*TASK INPUTS*:
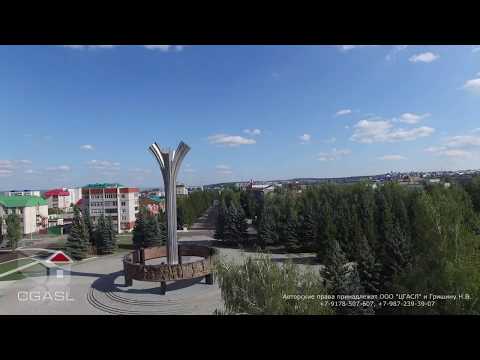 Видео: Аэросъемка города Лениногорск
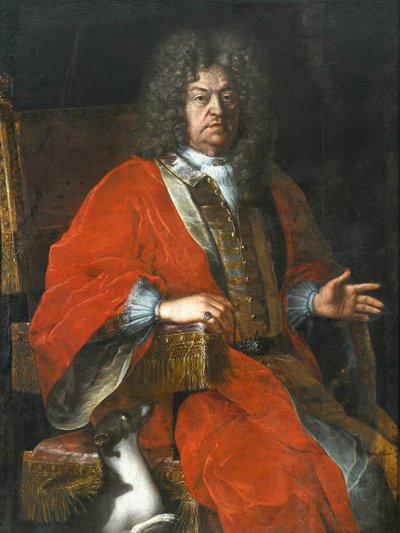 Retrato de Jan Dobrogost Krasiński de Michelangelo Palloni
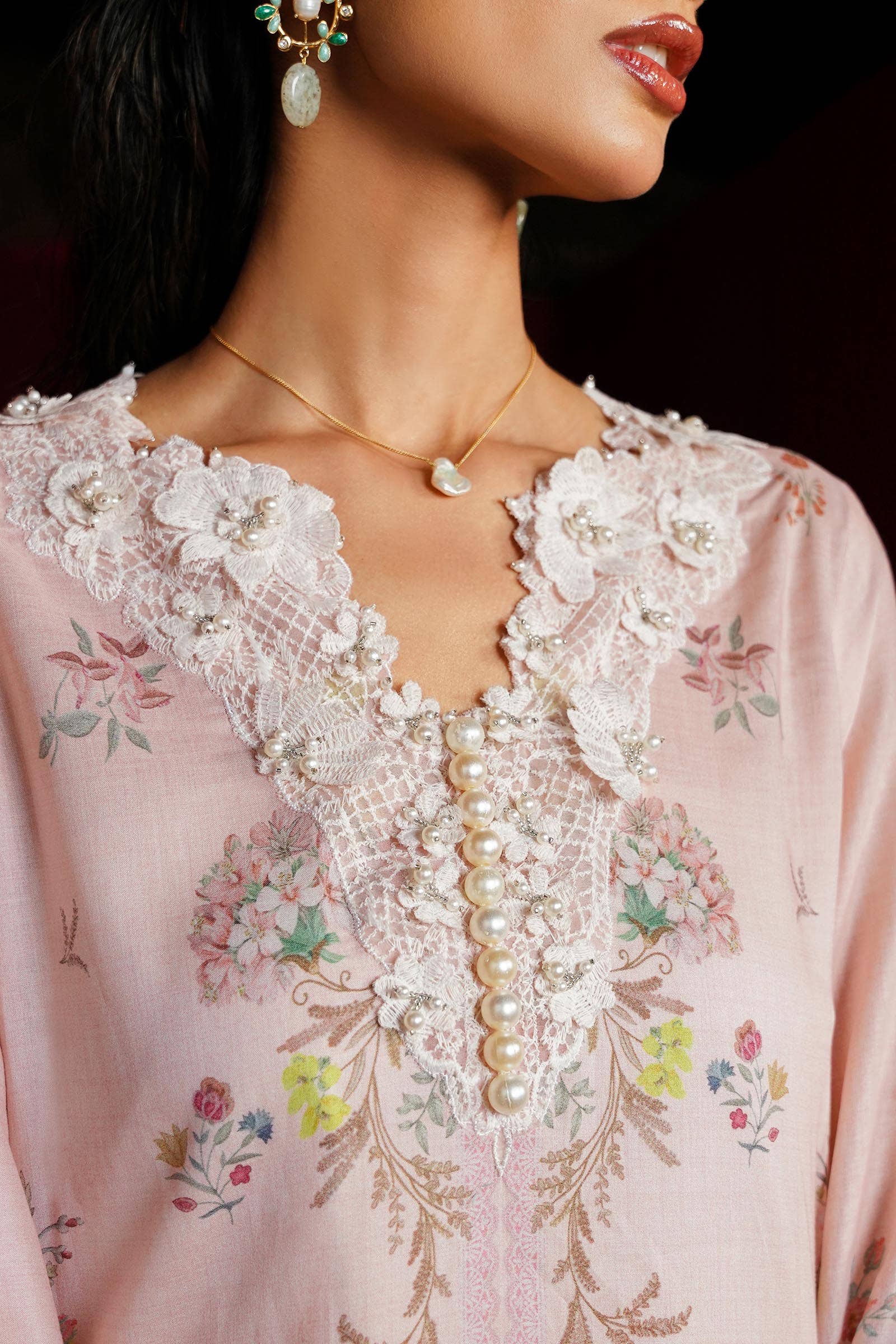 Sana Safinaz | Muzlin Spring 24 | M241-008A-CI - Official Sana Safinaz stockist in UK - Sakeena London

---

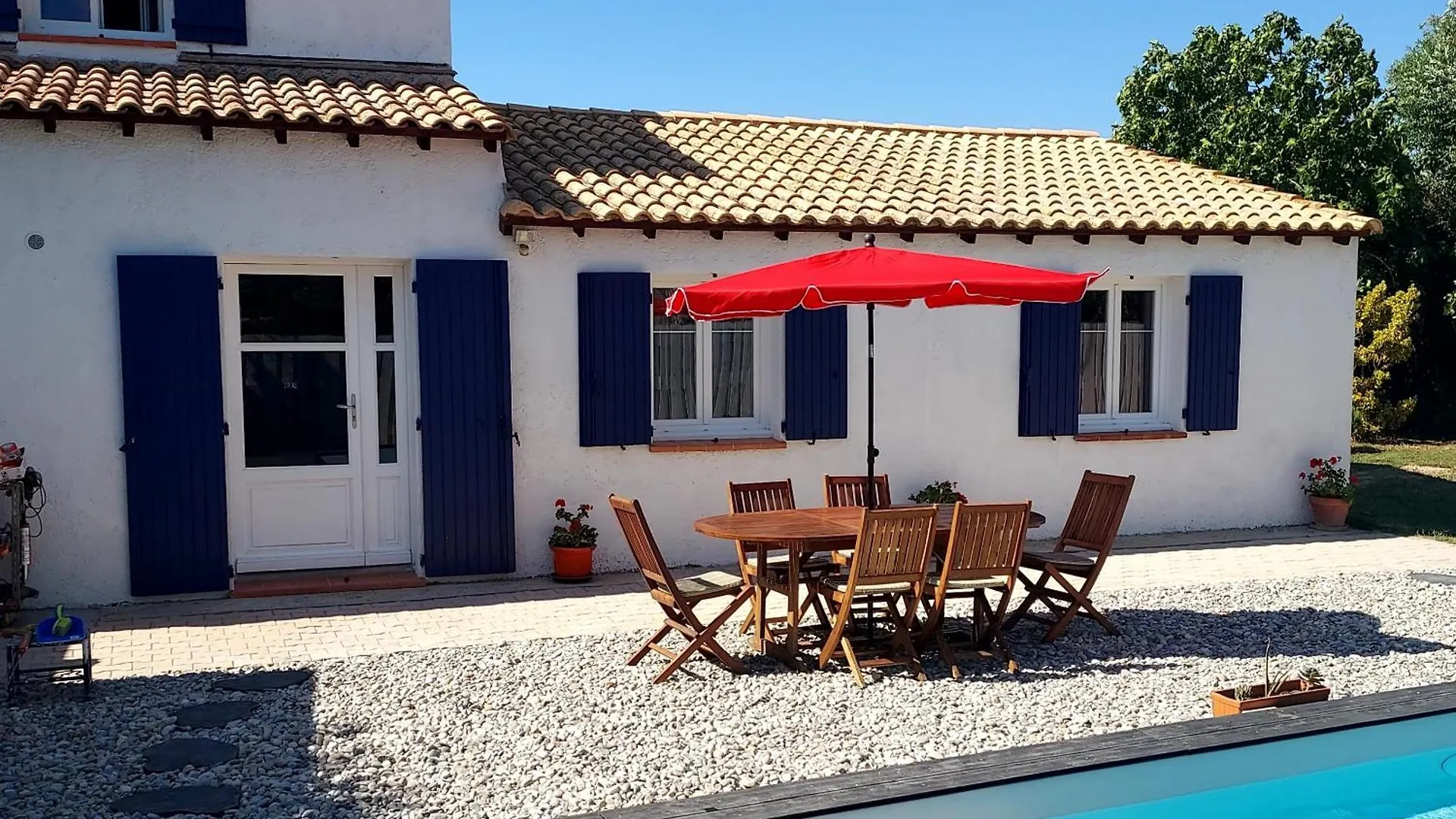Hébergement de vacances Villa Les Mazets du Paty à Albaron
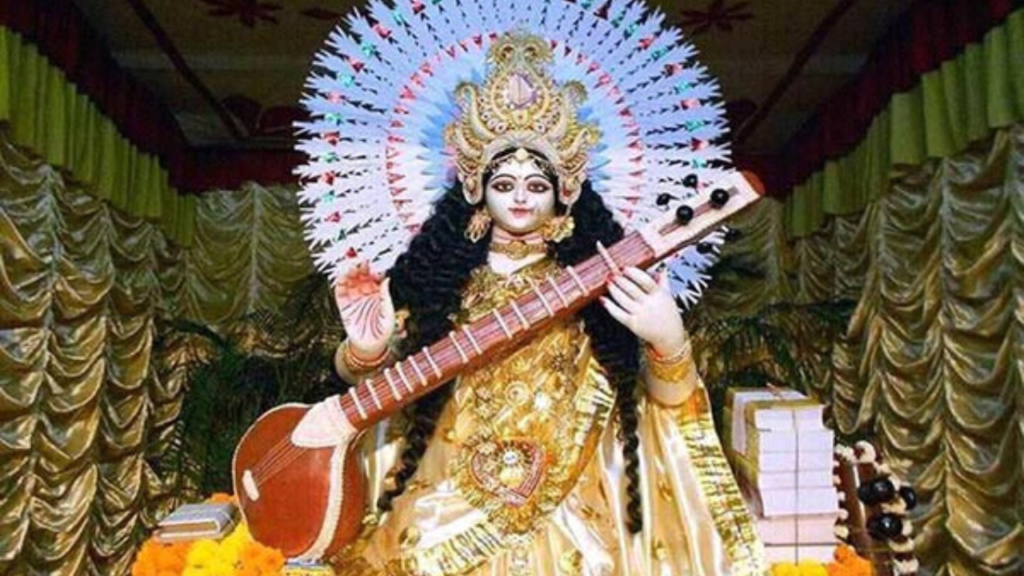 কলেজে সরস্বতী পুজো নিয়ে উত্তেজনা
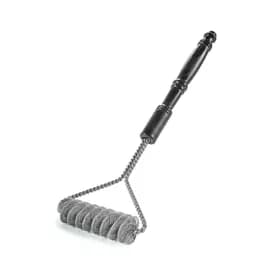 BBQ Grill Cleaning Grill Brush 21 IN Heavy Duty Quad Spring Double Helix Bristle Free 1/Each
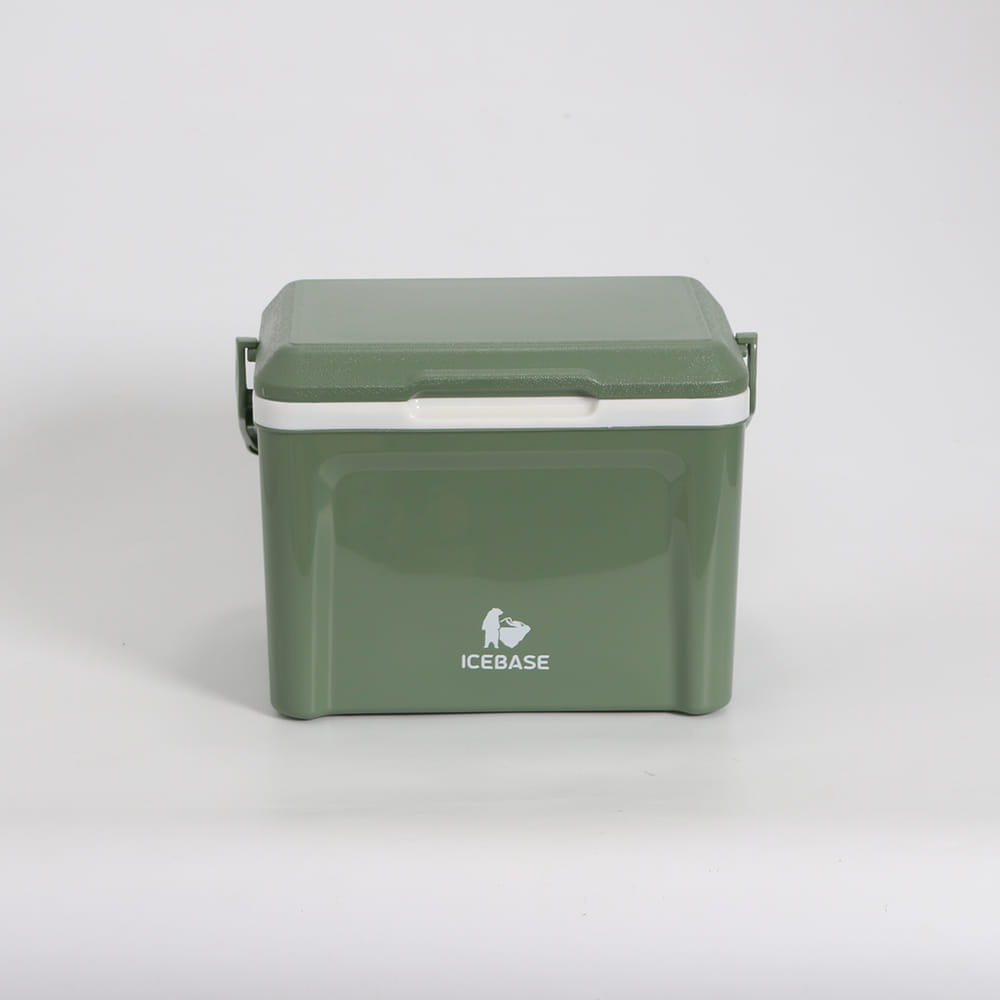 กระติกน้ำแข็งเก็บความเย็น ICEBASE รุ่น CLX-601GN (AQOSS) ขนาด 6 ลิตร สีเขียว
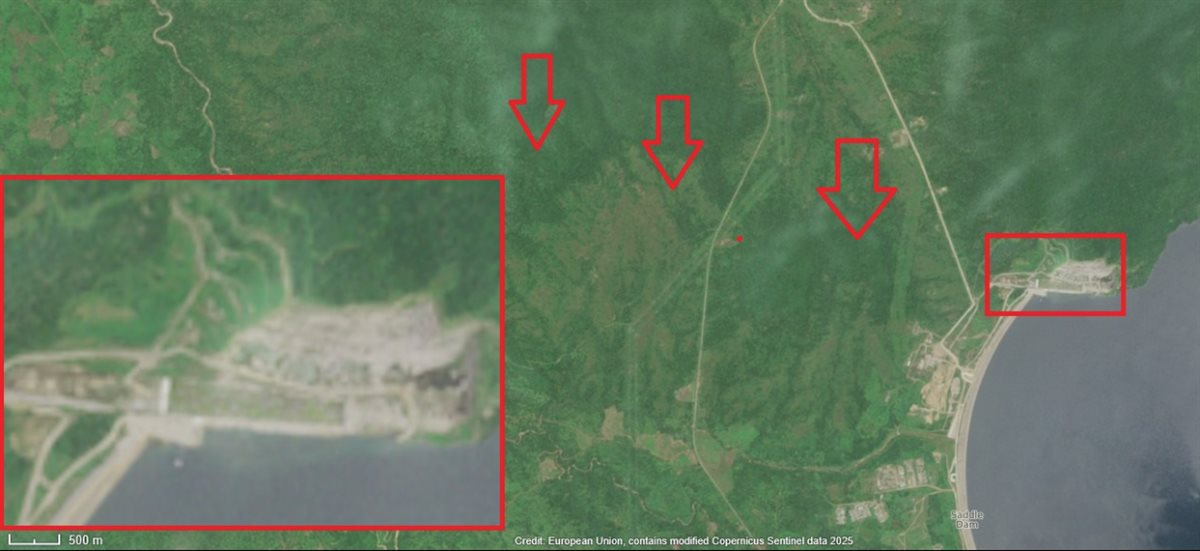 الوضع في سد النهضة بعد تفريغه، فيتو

*ABOUT THIS TASK*: Look back at the data above, then output exactly the lines from the line holding "กระติกน้ำแข็งเก็บความเย็น ICEBASE รุ่น" up to and including the line holding "الوضع في سد النهضة بعد تفريغه، فيتو". Leave out the pictures.

*RESULT OF THIS EXERCISE*:
 กระติกน้ำแข็งเก็บความเย็น ICEBASE รุ่น CLX-601GN (AQOSS) ขนาด 6 ลิตร สีเขียว
 الوضع في سد النهضة بعد تفريغه، فيتو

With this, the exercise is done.